October passed and some part of November, and nothing had been done, except that I had grown more and more friendly with Ughtred Gascoyne. He was very musical, and liked to hear me sing and play.
Sometimes I made a point of meeting him late at night on his way home from the club, and went in and smoked a cigar with him. I could not help reflecting how very much those whom it was my unfortunate duty to remove seemed to like me. Perhaps it was a premonition that I was about to do them a good turn or what might prove to be so.
His servant was usually in bed when I returned to his rooms with him at night.
Both Catherine Goodsall and he were always talking of the time they would have me to stay with them at the little place they were taking in the country.

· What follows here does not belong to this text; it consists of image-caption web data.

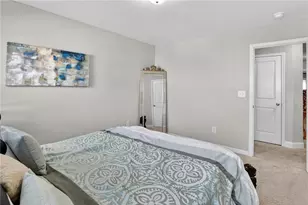 432 Braemore Mill Dr, Lawrenceville, GA 30044 - Photo 25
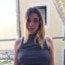 Alba Tavío , poeta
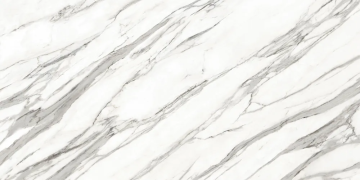 Vitra Керамогранит K951330R0001VTET MarbleSet Венато Светло-серый Матовый R9 7Рек 60x120 Vitra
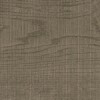 Противоскользящий Living Ceramics Riga Walnut Anti-Slip 20x120 — фото 16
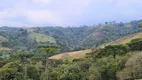 Foto 21 de Fazenda/Sítio à venda, 20000m² em Zona Rural, Bom Retiro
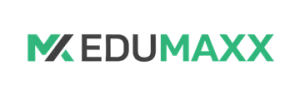 EDUMAXX
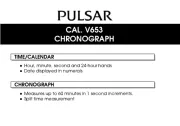 Pulsar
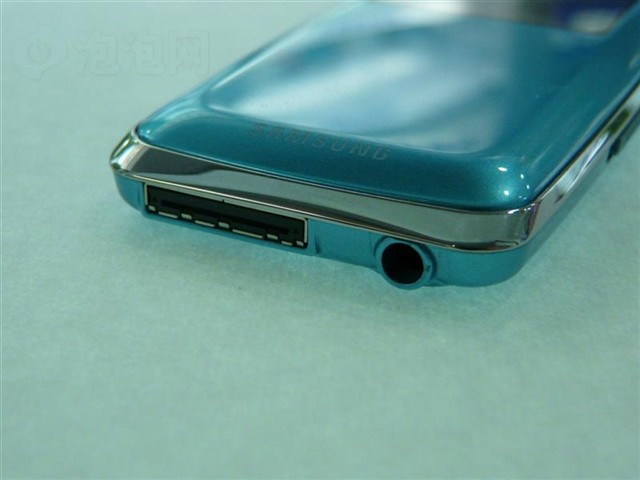 ����YP-S3Q(2GB)MP3 ����鿴��һ��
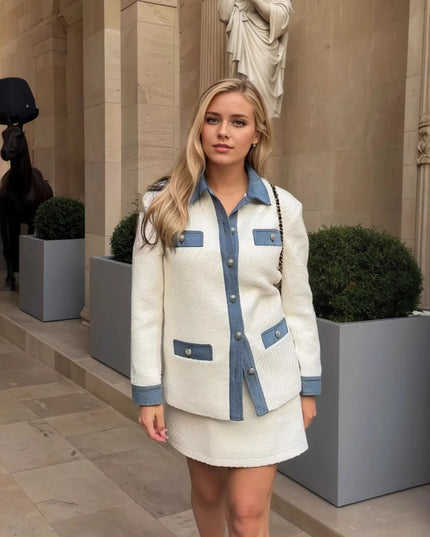 be87fd5a9b4e470e8a6d6aaafe260035-Max-Origin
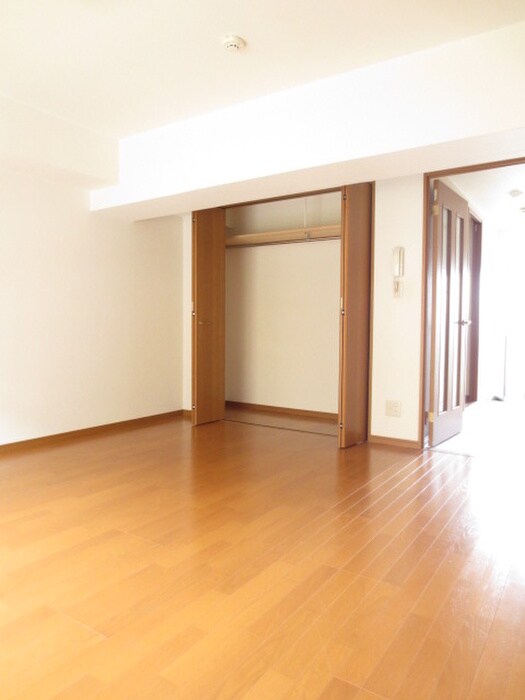 物件内観写真7　(収納)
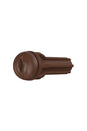 Kiiroo - Feel Stroker - Dark Brown - Stag Shop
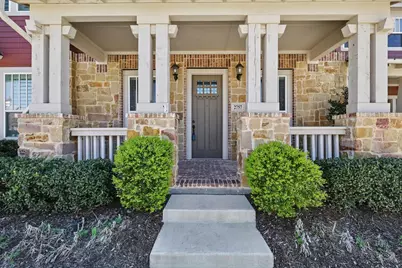 2757 S Market Square, Northlake, TX 76247 - Photo 1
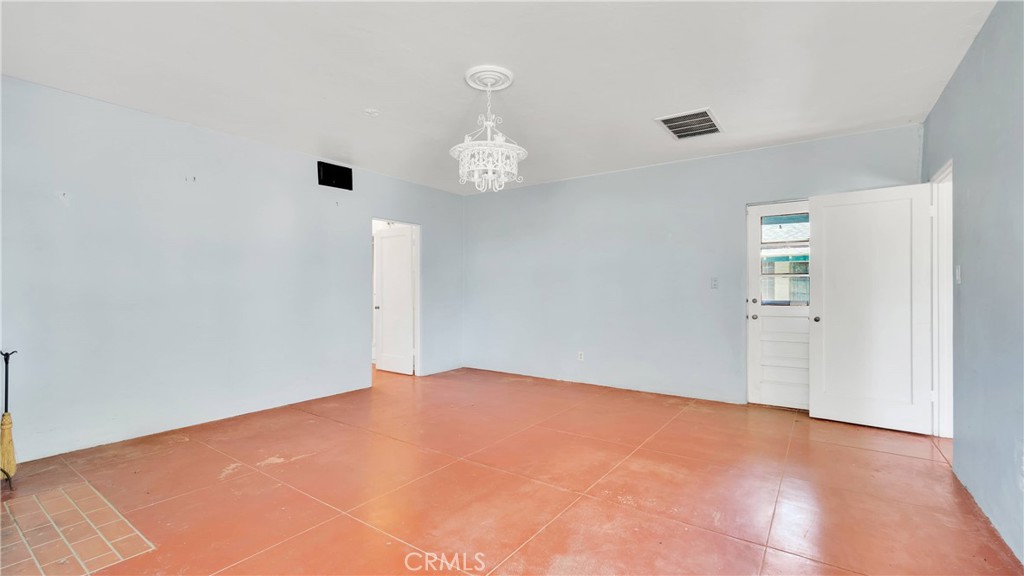 32177 Prairie Crossing Drive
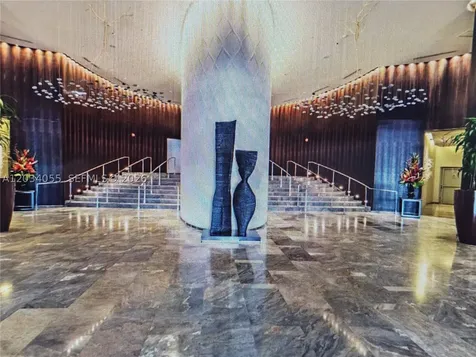 17201 Collins Avenue Sunny Isles Beach FL 33160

“Quite small,” said Ughtred Gascoyne, “but altogether delightful, isn’t it, Catherine?”
“You know, dear, I’m in love with it. I am looking forward to having a little vault in that dear old church with a stained glass window, to the memory of Ughtred and Catherine Gascoyne of this parish.”
“I can’t say that that is a very cheerful way of looking forward.”
“Well, it’s only when that happens that a woman can be said to have her husband to herself.”
We laughed. It was really quite delightful to see how happy they meant to be, and after all if “man never is but always to be blest,” and the pleasure of all things is a question of the imagination and lies almost entirely in anticipation, they had had as much pleasure out of it as could be expected.
I knew the time Ughtred Gascoyne usually went home, and my meetings with him, looked upon by him as accidental, were by no means so.